Dr. Flegel's questions

  1. You're a professor of the history of medicine at the University of Toronto, an accomplished and well-published author and a well-respected commentator on the passing national scene. Why would you want to take on one of the icons of North American medicine? [play audio]

  2. Let's stay with the Harvey Cushing biography [of Osler] for a moment. Its tone was absolutely, unassailably reverential. I came away [from reading it] feeling that there was nothing more that could ever be said [about Osler], and I'm wondering if you didn't feel a little daunted taking on this project. [play audio]
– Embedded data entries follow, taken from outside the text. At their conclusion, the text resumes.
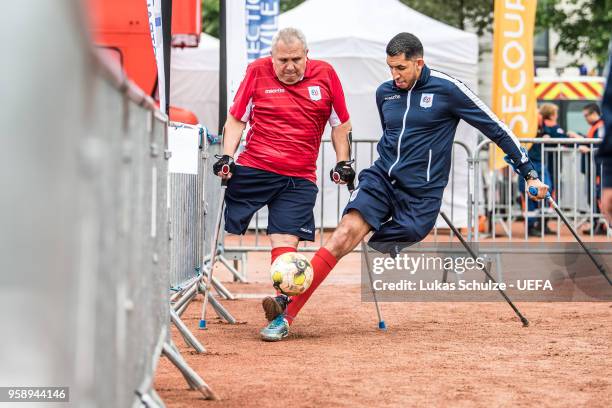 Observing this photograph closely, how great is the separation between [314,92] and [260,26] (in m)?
5.59

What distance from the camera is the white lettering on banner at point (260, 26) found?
1391cm

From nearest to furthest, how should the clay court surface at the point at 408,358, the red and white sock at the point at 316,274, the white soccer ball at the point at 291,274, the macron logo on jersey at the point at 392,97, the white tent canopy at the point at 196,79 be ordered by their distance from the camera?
the clay court surface at the point at 408,358 < the white soccer ball at the point at 291,274 < the red and white sock at the point at 316,274 < the macron logo on jersey at the point at 392,97 < the white tent canopy at the point at 196,79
  3. As I read [your] book ... it strikes me that the details of medicine and medical practice are woven intensively through the whole life of William Osler. Did you find as a historian that this added to the "daunt"? You had to reach up and grab both ends of this very rich life and try to understand them? [play audio]

  4. One of the features of your present biography that struck me is that you are more or less unafraid to make inferences about particular situations or to enlarge the context to paint the times a bit more realistically for the reader, on occasion even going on to some speculation. Do you agree that that's a feature of modern biographies and that you did it? [play audio]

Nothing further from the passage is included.